Ernie Mills is a third generation Decoy maker, who was born in 1934 near Bangor, Pennsylvania.  He makes Lower Chesapeake style decoys.  Nationally recognized as a folk artist, his traditional working decoys can be found in private collections and museums, including the Smithsonian Institution.

Career
In 1980, Ernie Mills was commissioned by Ducks Unlimited to make decoys for their fund raising events and auctions.  His reputation as a decoy maker grew, and he was awarded with a Ducks Unlimited Life Sponsor award in 1985.

Ernie Mills makes traditional working decoys, using techniques that he had been taught by his father and grandfather.  He is recognized as one of the few extant decoy makers that still use a hatchet.

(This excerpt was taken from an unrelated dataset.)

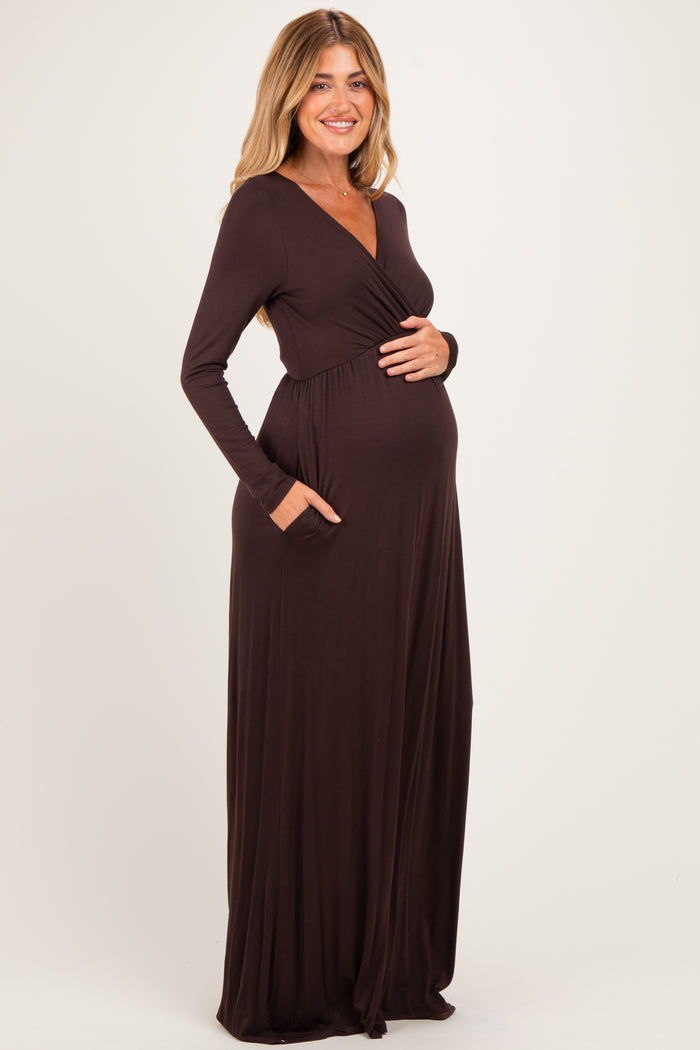 woman wearing a dark brown long sleeve maternity maxi dress with pockets and showing her baby bump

The May/June 2010 issue of Decoy Magazine has a feature story that states "Ernie Mills is one of the most collectible working decoy makers on the East Coast".

Awards

1993: A selection of Ernie Mills's decoys and tools are placed on permanent exhibit at the Atlanta History Center's "Shaping Traditions: Folk Arts in a Changing South".

1996: One of twelve traditional folk artists selected by the Smithsonian Institution to demonstrate decoy making at the 1996 Atlanta Olympic Games.  Two of Ernie Mills's decoys are now in the Smithsonian Institution.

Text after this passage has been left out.